Il citato Manuale suggerisce sia di “allontanarsi il meno possibile dalle consuetudini grafiche dell'italiano” sia di attenersi alla "pronuncia effettiva attuale" lasciando da parte le "preoccupazioni etimologiche". Pertanto:

- si apostrofa (ma non sempre) l' articolo / pronome femminile la: L'aqua la é / l'é bèla; Lu l'à đita che l'à vista ben; La / l'ocheta;

- non si apostrofa mai l' articolo maschile l (per al): l òn; l ort; un par l altro;

- il pronome lo non viene apostrofato quando perde la vocale: l alo vist?; al l à vist de sicuro;

- l'articolo na seguito da parola che inizia con vocale, in certi casi può subire l'elisione (n'ostaria, n'ocheta), in altri rimanere tale e quale (na ostaria, na oca), ma davanti al altra/antra viene obbligatoriamente apostrofato: n'antra;

- l'articolo un (sostituito talvolta da an) può ridursi alla sola n (con pronunzia velare), cui si aggiunge l'apostrofo, come insegna il Cortelazzo, soltanto davanti ad altro/antro (in questo caso con pronunzia dentale: n'altro/n'antro).

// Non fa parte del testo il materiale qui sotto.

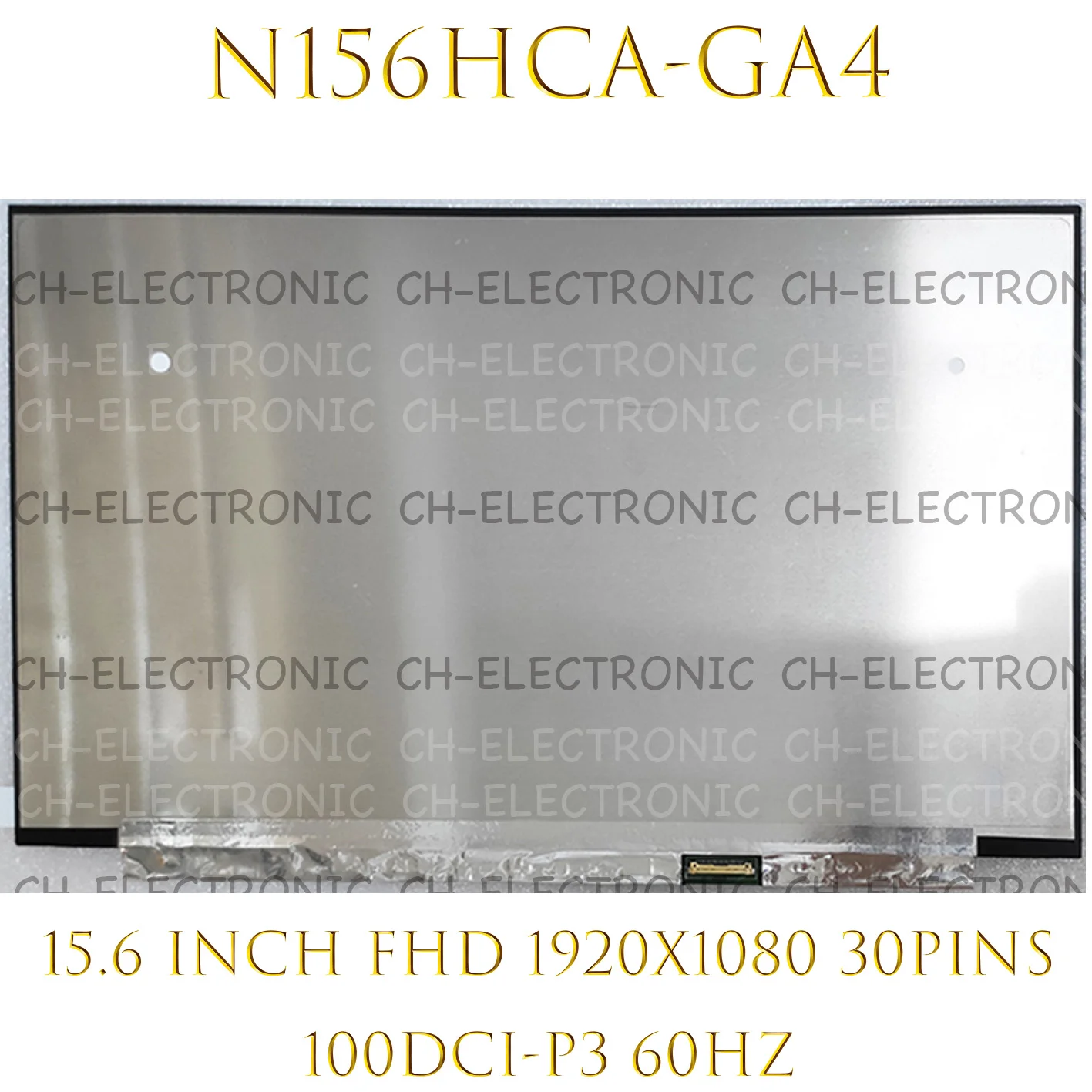15, 6   Non-touch 500nit -  N156HCA-GA4 N156HCA GA4 FHD 1920*1080 EDP 30  60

Alla preposizione 'te (< inte, it. 'in', 'dentro') viene applicato l'apostrofo al fine di evitare che si confonda col pronome personale omofono te (it. 'tu', 'ti', 'te'): Te torna 'te un lanpo.

Sempre mediante l'apostrofo il sostantivo 'sa (<còssa, 'cosa', per aferesi) viene distinto dalle voci verbali omofone sa ('tu sai', 'egli sa', 'essi sanno'): 'Sa ditu, po? Che lu no l sa gnent?

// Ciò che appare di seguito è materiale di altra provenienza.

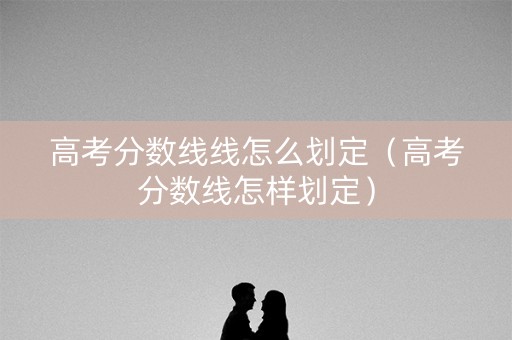 高考分数线线怎么划定（高考分数线怎样划定）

Analogamente l'aggettivo o pronome 'sta / 'ste ('questa' / 'queste') viene differenziato dalle voci verbali omofone sta / ste ('tu stai', 'egli sta', 'essi stanno' e imperativo 'stai' / 'voi state' e imperativo 'state'): Lu l sta 'te 'sta casa, e voialtri ste tuti 'te 'ste barache; sta bon! / ste boni! (per trascinamento, pur in assenza di loro omofoni dialettali, verranno precedute dall'apostrofo anche le corrispondenti forme maschili 'sto / 'sti ('questo', 'questi'): 'sti fioi de cani.

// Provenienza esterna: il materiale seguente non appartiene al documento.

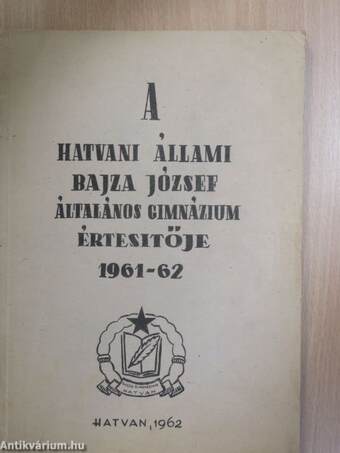 A Hatvani Állami Bajza József Általános Gimnázium értesítője 1961-62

Altre aferesi, quali le numerose voci del verbo (a)ver, (l)assar, (a)bondanẑa, (a)vanti, (a)bastanẑa, (v)oltar, (v)òlta, ecc., non vengono segnalate dall'apostrofo.

 

Una scelta grafica particolare

Le preposizioni articolate non compaiono in questa trascrizione di testi dialettali vittoriesi. Oltre agli articoli indeterminativi, si è scelto di tenere staccati dalle preposizioni anche quelli determinativi (compreso l'articolo l, derivante dalle frequenti aferesi di al preceduto da vocale): dial. rust. co la scoa, 'con la scopa'; inte le case, 'nelle case'; da l dal a l verđo, 'dal giallo al verde'; co l lupo, 'col lupo'; sù pa l pal, 'su per il palo'; sù pa i pai; de l deo, 'del dito'; de i dei; ecc.

Con questa regoletta ortografica, nuova rispetto alla pratica corrente, da una parte si rispecchia forse meglio la effettiva pronuncia, dall'altra si ottiene il risultato di evitare le omografie tra numerosi monosillabi e la confusione tra al (articolo) e a l (articolo l staccato dalla preposizione a).

 

Anche quando fungono da pronomi dimostrativi, il segno-parola l, corrispondente al pronome italiano 'lo', e la vocale i, pronome italiano 'li', non vengono mai accoppiati ai vocaboli vicini: te l ciame, te i ciame, 'te lo / te li chiamo'; se l sente, se i sente, 'se lo / se li sento'; ghe l porte, ghe i porte, 'glielo / glieli porto'; ecc.

 

Punteggiatura nei testi poetici

I testi 'poetici', quali i proverbi, gli indovinelli e le filastrocche, sono trascritti in modo da ridurre al minimo le scelte di punteggiatura. Risponde a questa esigenza la frequente suddivisione in emistichi, tramite semplice trattino, dei 'versi' dei proverbi e degli indovinelli (in tal modo se ne fa pure risaltare l'isoritmia, che nella poesia popolare surroga spesso l'isosillabismo).

 

 

Verbi

Per la coniugazione dei verbi si rinvia allo Zanette, precisando che nel dialetto rustico attuale:

- esiste anche il gerundio passato: vendo (avendo) vist / rot / sentist / cantà; sendo (essendo) rivà / partì / vegnest;

- vengono usati anche i condizionali interrogativi, presente e passato;

- non sono presenti le desinenze dell'infinito in -ar alternative a -er (II coniug.);

- i pronomi personali di I e II pers. pl. sono noialtri e voialtri, o anche noantri e voantri, non nantri e vantri: noialtri parlen, voialtri tasé; noantri canten;

- la desinenza della II pers. pl. del futuro s. e ant. è -é, non -è: parlaré, varé parlà;

- la desinenza della I, II e III pers. sing. del condizionale presente è -rìe, raramente -rèe: parlarìe, dirìe, scoltarìe;

- l'ausiliare aver del congiuntivo passato, alla I, II e III pers. sing., fa àpie / èpie / vèpie: nò che mi vèpie capì, pense che ti te àpie rason;

- la desinenza della II pers. pl. del presente indicativo interrogativo fa -eo o -ìo, non -èu o -ìu: canteo? piandeo? partìo? sentìo?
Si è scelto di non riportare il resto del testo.